# Wisconsin ATV Snow Removal Laws



## yancylandscape (Nov 5, 2007)

Wisconsin passed some new laws regarding ATVs used for snow removal.  The link to a printable pamphlet is below. Please note that unfortunately this does not _currently_ apply to UTVs.

http://dnr.wi.gov/org/es/enforcement/DOCS/atvsnowpamph.pdf

www.watva.org


----------



## S-205 (Feb 27, 2009)

Hmm, that seems pretty reasonable to me. What do you think about it?


----------



## kingquadplowman (Dec 5, 2010)

I was aware of this law before the plowing season. I made sure I understood all the laws before I went out and cruised through town going to my parents house. This new law made my plowing easier because no longer did I need to trailer across town. And putting an led light on a post and plugging it into the king quad, oh, its so much easier! 
I thought maybe the cops would try and give me a little crap, but they just wave and keep going. Sometimes they will even stop and ask how its goin and just talk. 
This is truly one of the smartest things WI has done in a long time when it comes to snow removal!


----------



## S-205 (Feb 27, 2009)

That sounds great, I live out of the city , so we don't get alot of traffic where I drive my atv to plow. And I usually plow at night, so I've had no problems.


----------



## sublime68charge (Dec 28, 2007)

been busniess as usual for me for plowing with the Quad again this year though my town is only 4 mile's from one end to the other and I kinda live in the middle of town so I can get from one end to the other and not get questioned. I due have a yellow light at home sitting in the basement if I get asked I'll get it put on the ATV I just haven't gotten to it yet this year LOL


----------



## James 1966 (Dec 10, 2011)

Seems Very Reasonable !!


----------



## Dave T (Feb 11, 2009)

I think it's great. I wish they had that law here. The only time we can drive on the roads is if there is a state of emergency.


----------



## ALC-GregH (Nov 26, 2008)

Sounds fair to me. It wouldn't matter if they had that in PA as I have to trailer my stuff too far to do any work. I have a few in my neighborhood that I drive maybe a mile or so one way. I did ride the Grizzly about 5 miles to the store a few years back when we got a few feet of snow. When I got to the store a cop saw me pulling in. I walked in and all he said was "nice atv" and went on his merry way.  I guess since all the highways were closed down it didn't really matter.


----------



## perrysee (Jul 30, 2009)

i never had a problem with the cops around here using my atv for snowplowing ,but make sure you have yellow llight on and blade. most stop and ask how good it works. better then my plow trucks for most of my aaccounts


----------



## Banksy (Aug 31, 2005)

That seems very reasonable. Until the late 90's or so, you could register and drive atv's on the roads of NC like you would a motorcycle. There must have been too many accidents and bad apples who ofcourse had to ruin it.


----------



## BPS#1 (Oct 16, 2011)

In WY you license them with the motorcycle plate.

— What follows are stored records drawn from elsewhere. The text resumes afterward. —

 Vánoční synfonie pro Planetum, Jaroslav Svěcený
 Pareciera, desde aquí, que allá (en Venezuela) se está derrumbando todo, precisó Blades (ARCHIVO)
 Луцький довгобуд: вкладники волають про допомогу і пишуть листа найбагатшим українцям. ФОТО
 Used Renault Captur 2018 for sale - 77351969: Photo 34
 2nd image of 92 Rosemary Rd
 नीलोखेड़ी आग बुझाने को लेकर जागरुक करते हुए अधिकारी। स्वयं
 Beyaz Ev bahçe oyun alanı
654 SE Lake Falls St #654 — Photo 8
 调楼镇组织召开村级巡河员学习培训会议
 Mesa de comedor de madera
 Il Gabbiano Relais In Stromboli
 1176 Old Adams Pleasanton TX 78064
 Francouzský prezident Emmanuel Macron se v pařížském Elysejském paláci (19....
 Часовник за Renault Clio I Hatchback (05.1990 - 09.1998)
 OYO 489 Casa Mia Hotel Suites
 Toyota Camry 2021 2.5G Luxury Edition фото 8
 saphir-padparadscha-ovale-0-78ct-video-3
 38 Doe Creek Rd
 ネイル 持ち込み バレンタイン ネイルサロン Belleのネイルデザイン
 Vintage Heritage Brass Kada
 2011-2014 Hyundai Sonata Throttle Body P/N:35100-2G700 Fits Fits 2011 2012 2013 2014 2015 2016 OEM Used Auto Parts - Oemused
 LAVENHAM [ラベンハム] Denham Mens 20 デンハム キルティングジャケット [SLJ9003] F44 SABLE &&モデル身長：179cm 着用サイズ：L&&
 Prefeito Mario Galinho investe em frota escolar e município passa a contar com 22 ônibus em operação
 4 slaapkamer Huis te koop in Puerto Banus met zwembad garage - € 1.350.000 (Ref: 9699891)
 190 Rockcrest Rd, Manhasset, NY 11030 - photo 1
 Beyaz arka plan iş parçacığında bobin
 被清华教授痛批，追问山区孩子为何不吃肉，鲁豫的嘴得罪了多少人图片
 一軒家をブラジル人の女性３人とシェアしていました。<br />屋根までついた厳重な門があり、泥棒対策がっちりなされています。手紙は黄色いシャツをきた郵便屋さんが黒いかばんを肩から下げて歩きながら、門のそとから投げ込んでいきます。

Balls out, no mileage restrictions etc.

I doubt there are caution light requirements either. 
Most folks here don't use one on their snow plow pickups.


----------



## blackhillshonda (Nov 7, 2011)

In South Dakota we license them also like a motorcycle and ride them year round. I live in the Black Hills and you can't believe how many ATV's with plows run around town in the winter. The Weather Channel has Lead, SD as the 5th snowiest town in the United States (Including Alaska). We average a little over 300 inches a season.


----------



## jpmurr (Jul 17, 2010)

*ATV Snow plow wear blade*

Can any one tell me what last longer or is better for a wear bar on aATV Plow ? 
I was kinda woundering about useing a rubber Strip In stead of a steel one . OF course it would be a thick one Kinda like on a Snow box but not as thick Anny good Ideas please help me Thanks Guys Here is my email . [email protected]


----------



## jturkey69 (Dec 21, 2011)

hoping to talk boss into trying an atv for business thiss year. I have plowed myself, and neighbors places in the past, and did fine, no issues, moved alot of snow. BUT trying to get him on board with an atv vs a jd rider with blade and wheel weights will be tough..lol


----------



## Shop's Lawn (Nov 9, 2008)

Anyone know if this law is still current as of this year oct 2012?


----------



## 450foreman04 (Sep 23, 2010)

Dnr still has it on their website. Don't forget you need a license plate now.


----------